----- GIVEN DATA -----

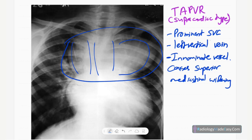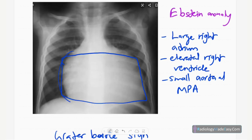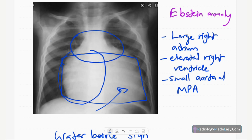Next is the box-shaped heart, seen in Ebstein anomaly. In Ebstein anomaly there is atrialization of the right ventricle, causing gross enlargement of the right atrium. The right atrium pushes the right ventricle upwards. There is also a small aorta and pulmonary artery, so the superior mediastinum is relatively narrowed, giving the box-shaped appearance.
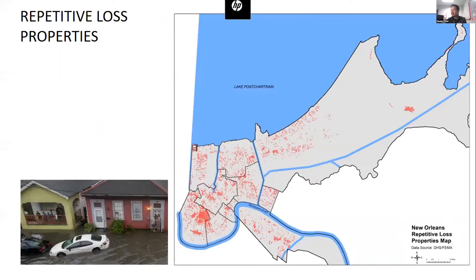We quantify the city-wide flood risk with 40-year flood cost data, which is more than $7 billion, from FEMA's National Flood Insurance Program. And then we identify the repetitive flood loss properties in red dots, which are insurable buildings with two or more claims of more than $1,000 in a 10-year time period.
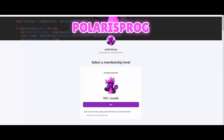Also, if you guys want to support me and want to have access to all of my project files, including the one you're watching right now, they will all be available on my Patreon in the $10 tier.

-----

■ TASK OBJECTIVE
Write out all of the data above exactly, pictures excluded.

■ EXERCISE OUTPUT
Next is the box-shaped heart, seen in Ebstein anomaly. In Ebstein anomaly there is atrialization of the right ventricle, causing gross enlargement of the right atrium. The right atrium pushes the right ventricle upwards. There is also a small aorta and pulmonary artery, so the superior mediastinum is relatively narrowed, giving the box-shaped appearance.
We quantify the city-wide flood risk with 40-year flood cost data, which is more than $7 billion, from FEMA's National Flood Insurance Program. And then we identify the repetitive flood loss properties in red dots, which are insurable buildings with two or more claims of more than $1,000 in a 10-year time period.
Also, if you guys want to support me and want to have access to all of my project files, including the one you're watching right now, they will all be available on my Patreon in the $10 tier.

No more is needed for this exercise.